WHAT YOU SHOULD DO: The task for the listing below is to write out exactly the lines starting at the one containing "I Moved The" and ending at the one containing "Tom Ford 湯姆福", both included. Pictures are to be omitted.

EXERCISE MATERIAL:
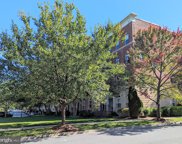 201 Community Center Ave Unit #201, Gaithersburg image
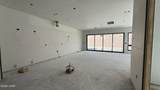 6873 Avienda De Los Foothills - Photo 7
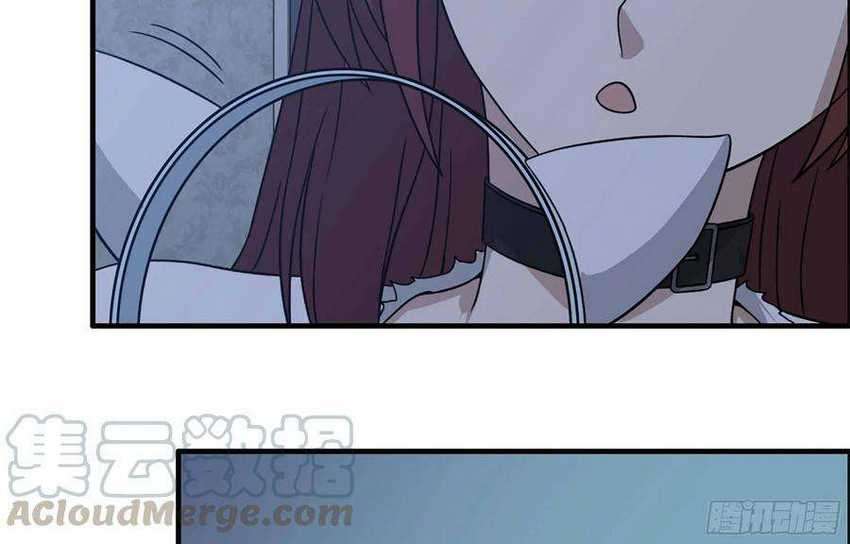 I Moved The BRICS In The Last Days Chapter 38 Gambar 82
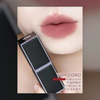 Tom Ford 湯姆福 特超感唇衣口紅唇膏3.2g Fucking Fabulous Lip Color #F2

---

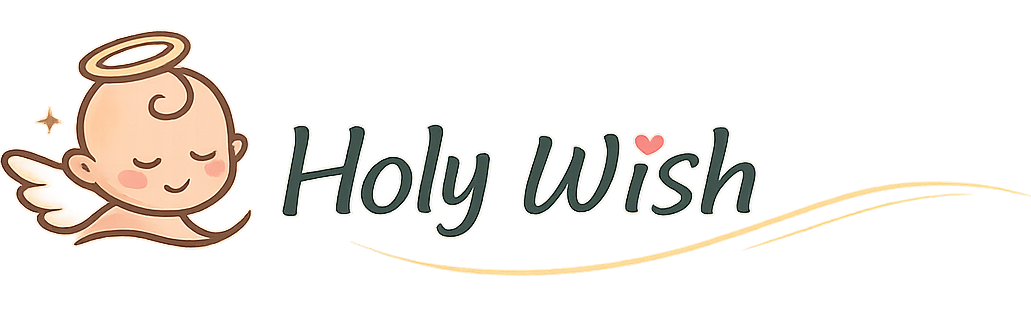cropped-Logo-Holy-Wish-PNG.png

SOLUTION:
 I Moved The BRICS In The Last Days Chapter 38 Gambar 82
 Tom Ford 湯姆福 特超感唇衣口紅唇膏3.2g Fucking Fabulous Lip Color #F2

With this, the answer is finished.